BEGIN

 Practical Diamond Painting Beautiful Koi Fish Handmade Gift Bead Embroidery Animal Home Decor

END
BEGIN

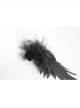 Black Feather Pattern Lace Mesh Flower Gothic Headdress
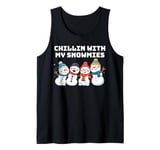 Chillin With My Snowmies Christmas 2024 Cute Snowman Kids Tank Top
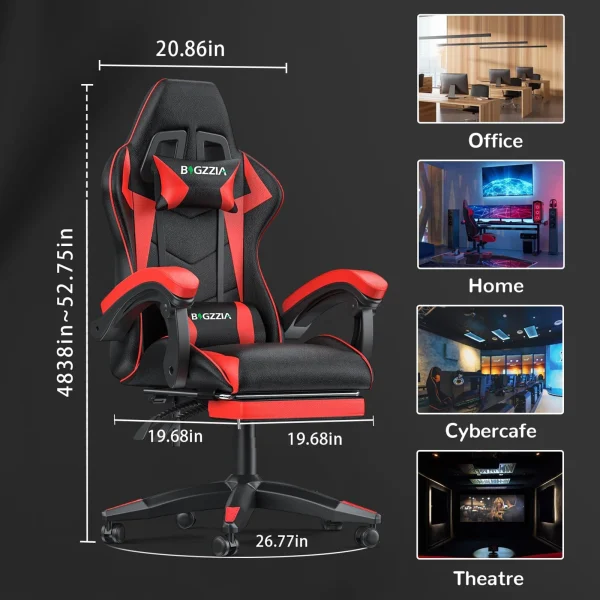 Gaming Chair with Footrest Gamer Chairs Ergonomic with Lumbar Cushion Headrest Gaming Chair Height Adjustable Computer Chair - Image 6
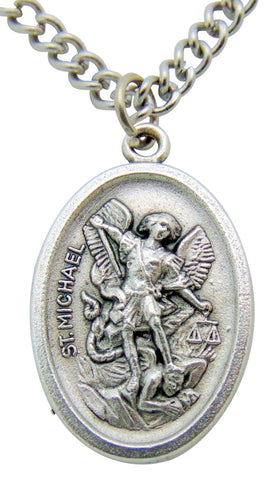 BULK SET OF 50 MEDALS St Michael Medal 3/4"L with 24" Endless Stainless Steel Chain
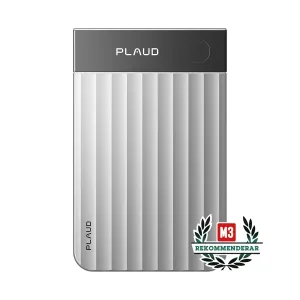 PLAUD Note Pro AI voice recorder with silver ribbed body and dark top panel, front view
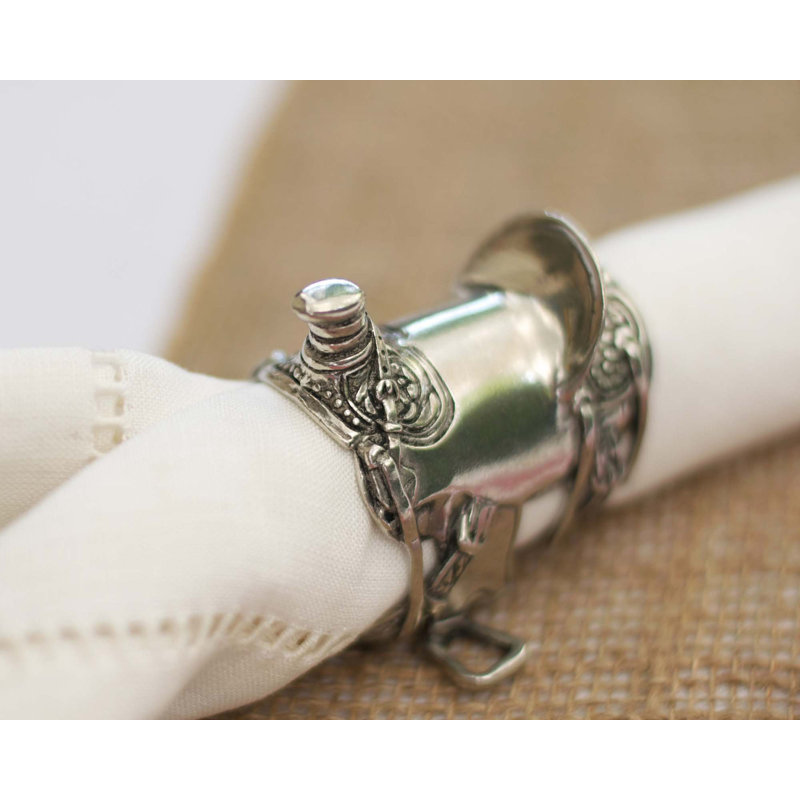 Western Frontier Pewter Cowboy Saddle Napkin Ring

END

• Exercise aim
Only one stretch of the material above is wanted: the line containing "BULK SET OF" through the line containing "Western Frontier Pewter". Restate it word for word, minus the pictures.

• Finished exercise
 BULK SET OF 50 MEDALS St Michael Medal 3/4"L with 24" Endless Stainless Steel Chain
 PLAUD Note Pro AI voice recorder with silver ribbed body and dark top panel, front view
 Western Frontier Pewter Cowboy Saddle Napkin Ring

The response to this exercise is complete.